++++ Data for analysis

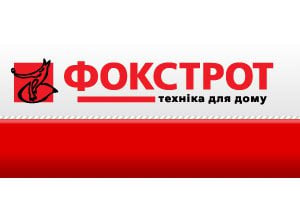 АМКУ наложил на "Фокстрот" крупный штраф 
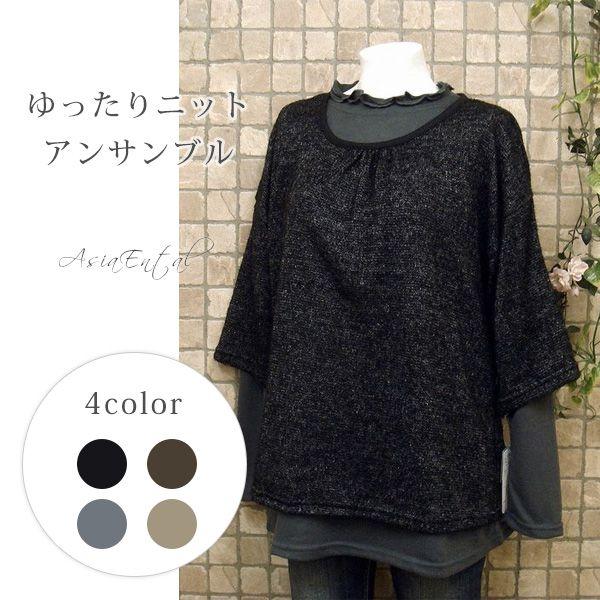 ゆったりシルエット ニットアンサンブル ニット アンサンブル レディース トップス Buyee Buyee 提供一站式最全面最專業現地yahoo Japan拍賣代bid代拍代購服務 Bot Online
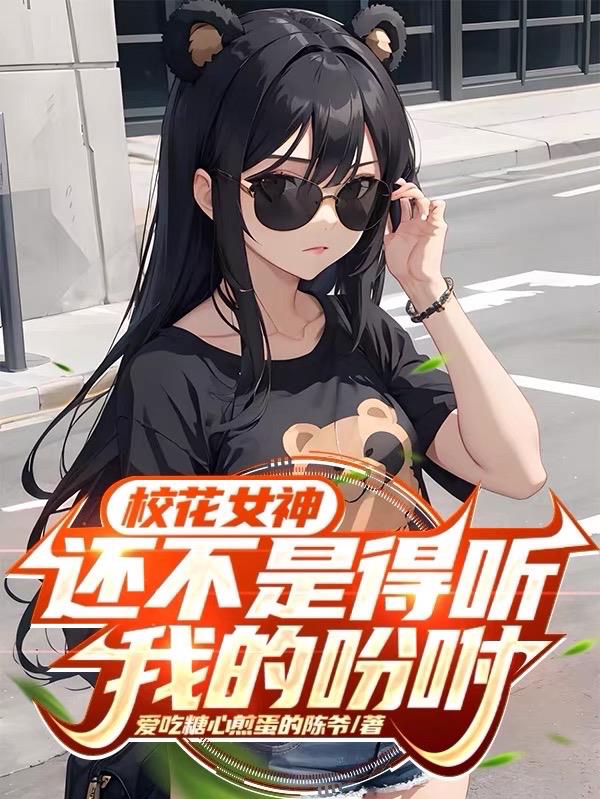 校花女神？还不是得听我的吩咐？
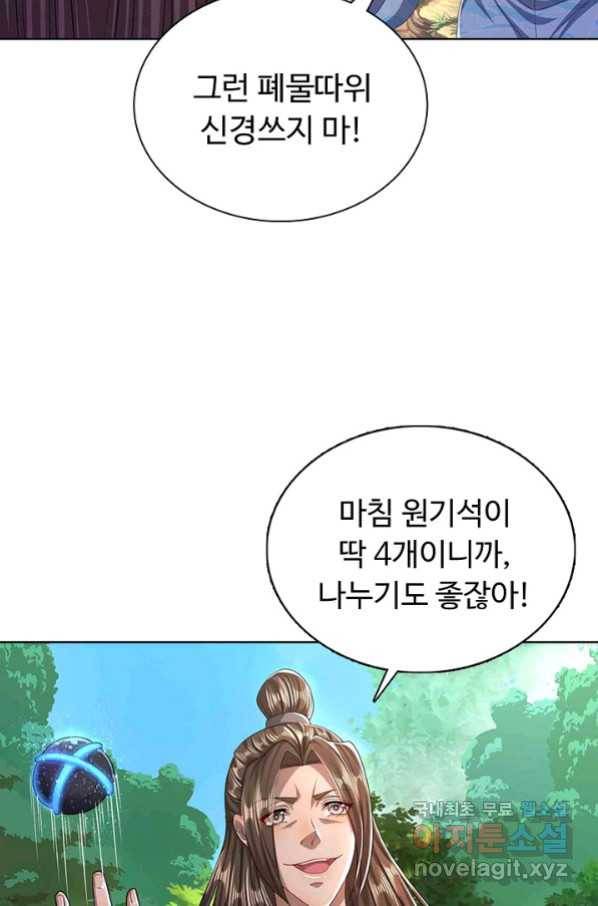 100만 년 만에 귀환하다 10화 58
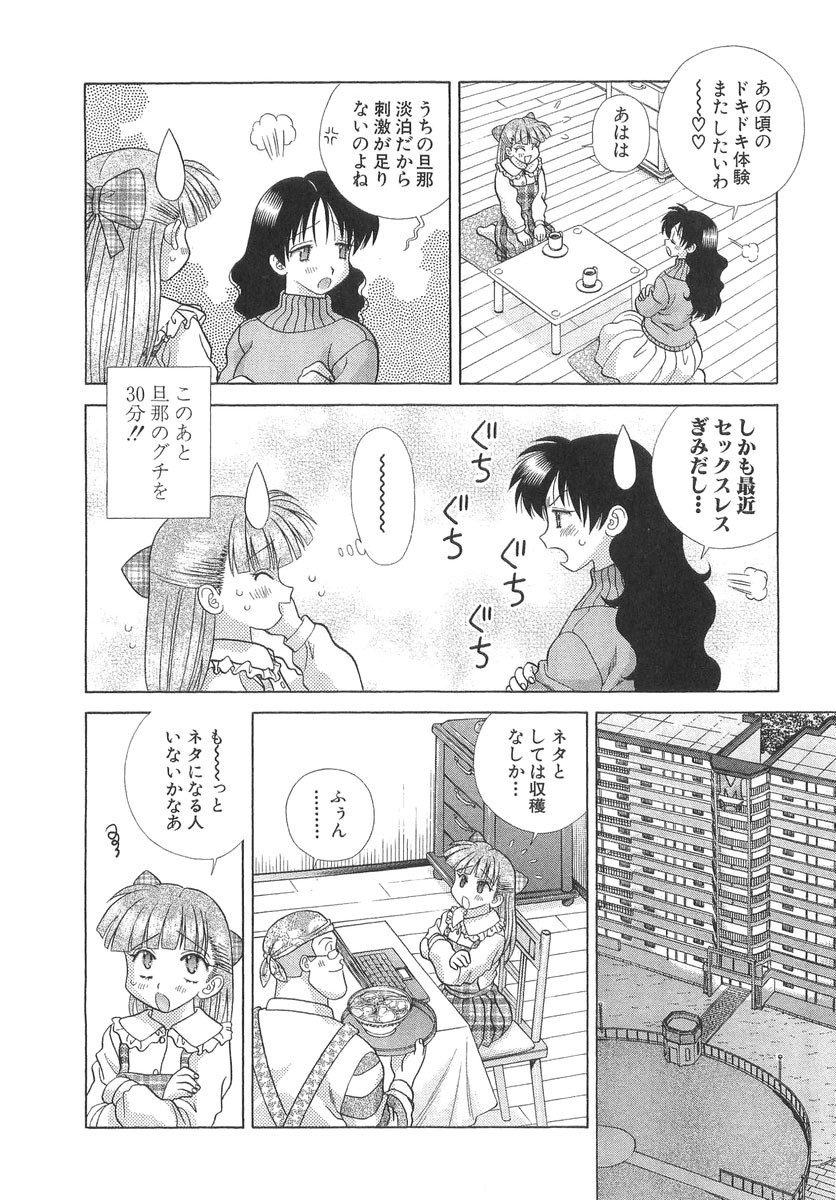 Futari Ecchi - Chapter Vol-026 - Page 41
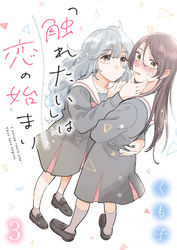 【期間限定　無料お試し版】「触れたい」は恋の始まり 【連載版】３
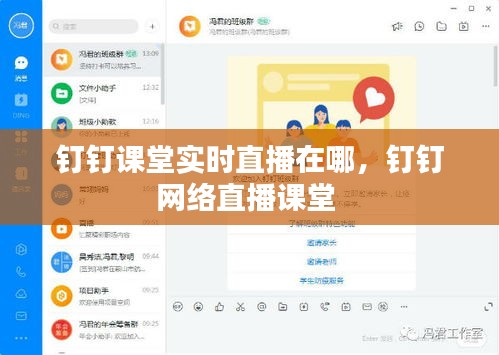 钉钉课堂实时直播在哪,钉钉网络直播课堂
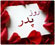 محصولات زیبائی سینه - فروشگاه تخصصي محصولات پوست مووناخن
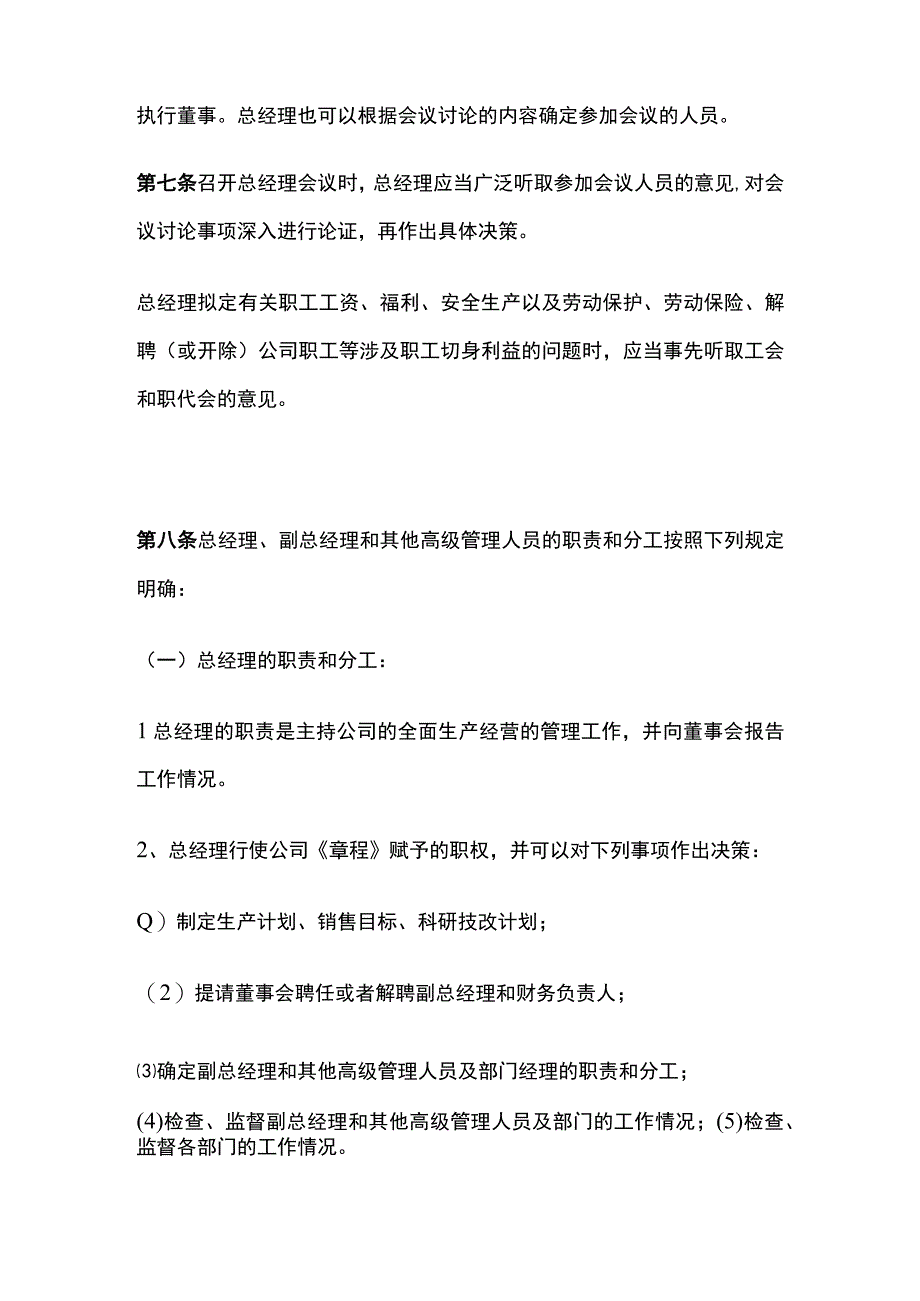 某上市公司总经理会议工作细则.docx_第2页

++++++++

- **Work to be completed**:
For the material above, give every line again exactly and leave out the pictures.

- **Task response**:
 АМКУ наложил на "Фокстрот" крупный штраф 
 ゆったりシルエット ニットアンサンブル ニット アンサンブル レディース トップス Buyee Buyee 提供一站式最全面最專業現地yahoo Japan拍賣代bid代拍代購服務 Bot Online
 校花女神？还不是得听我的吩咐？
 100만 년 만에 귀환하다 10화 58
 Futari Ecchi - Chapter Vol-026 - Page 41
 【期間限定　無料お試し版】「触れたい」は恋の始まり 【連載版】３
 钉钉课堂实时直播在哪,钉钉网络直播课堂
 محصولات زیبائی سینه - فروشگاه تخصصي محصولات پوست مووناخن
 某上市公司总经理会议工作细则.docx_第2页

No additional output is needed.